*Assignment*
Return each line of the data below exactly, omitting any pictures.

── Available data

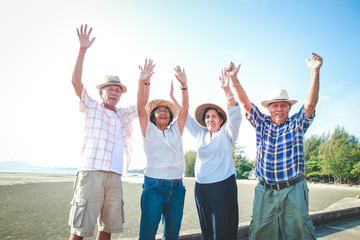 Obraz premium Asian elderly groups live a happy life after retirement. Elderly community concept. take care of your health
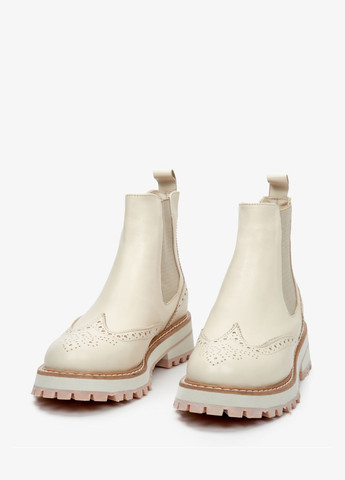 Осенние челси, цвет молочный Estro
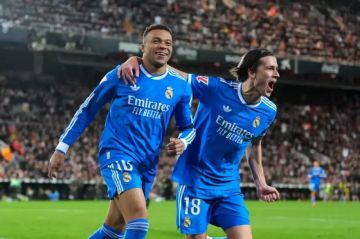 ريال مدريد يتخطى عقبة فالنسيا ويواصل مطاردة برشلونة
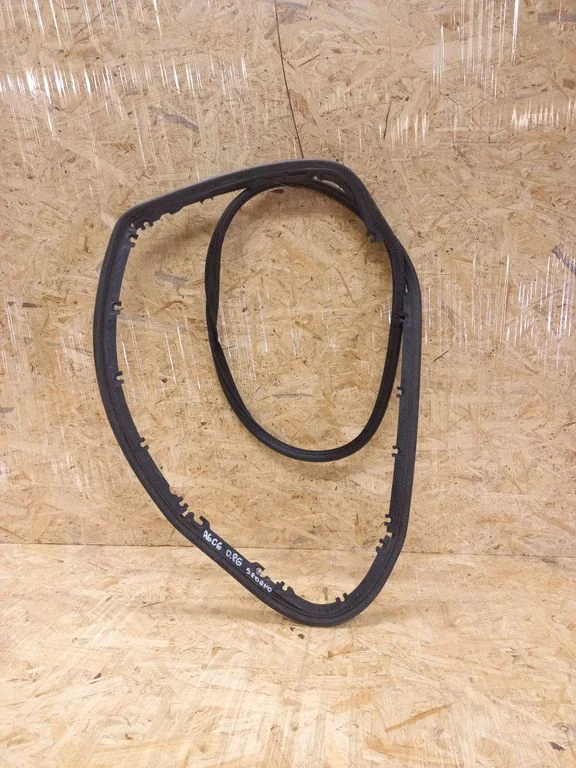 Rubber seal rear door 4F0833346C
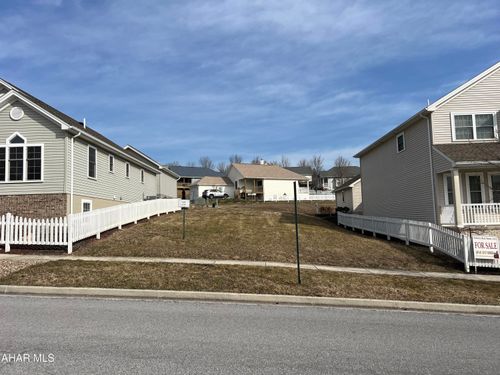 509 Holliday Hills Dr, Hollidaysburg, PA, 16648-3234 | Card Image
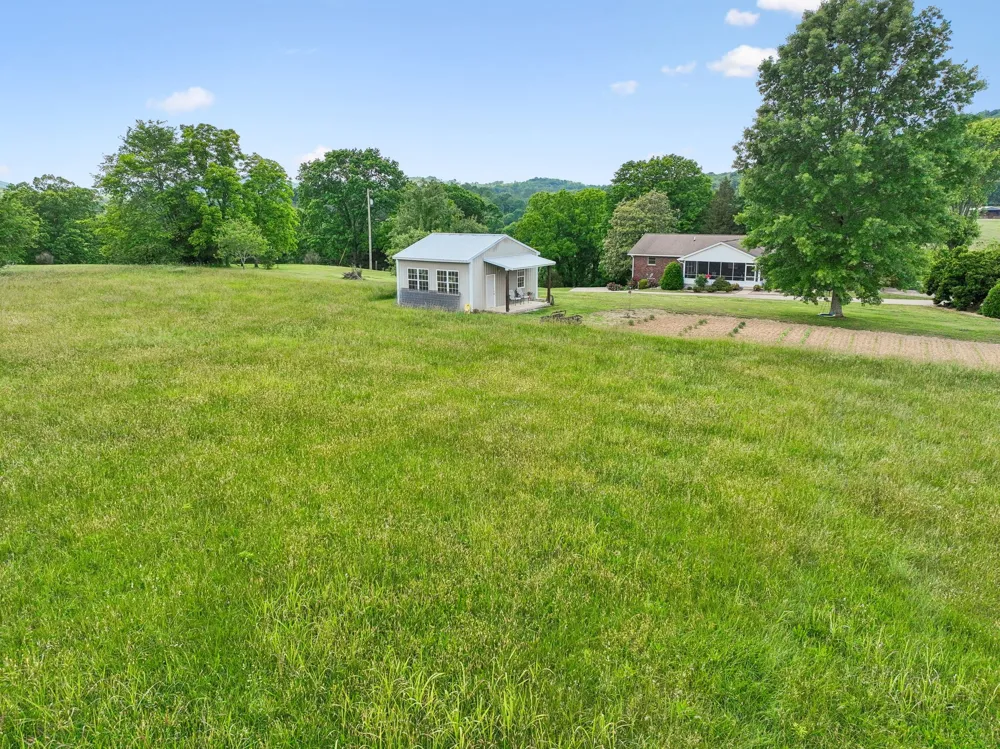 12 Charles Apple Ln Brush Creek, TN 38547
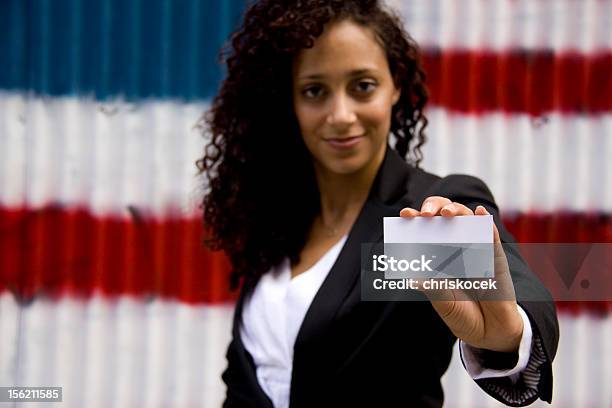 Foto de Mulher Com Cartão De Negócios e mais fotos de stock de 25-30 Anos - 25-30 Anos, Adulto, Afro-americano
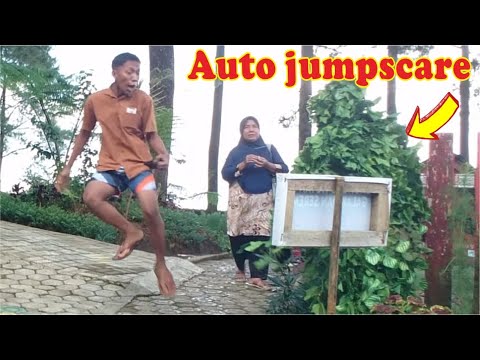 auto-lompat-bushman-prank-jumpscare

────

*Finished exercise*
 Obraz premium Asian elderly groups live a happy life after retirement. Elderly community concept. take care of your health
 Осенние челси, цвет молочный Estro
 ريال مدريد يتخطى عقبة فالنسيا ويواصل مطاردة برشلونة
 Rubber seal rear door 4F0833346C
 509 Holliday Hills Dr, Hollidaysburg, PA, 16648-3234 | Card Image
 12 Charles Apple Ln Brush Creek, TN 38547
 Foto de Mulher Com Cartão De Negócios e mais fotos de stock de 25-30 Anos - 25-30 Anos, Adulto, Afro-americano
 auto-lompat-bushman-prank-jumpscare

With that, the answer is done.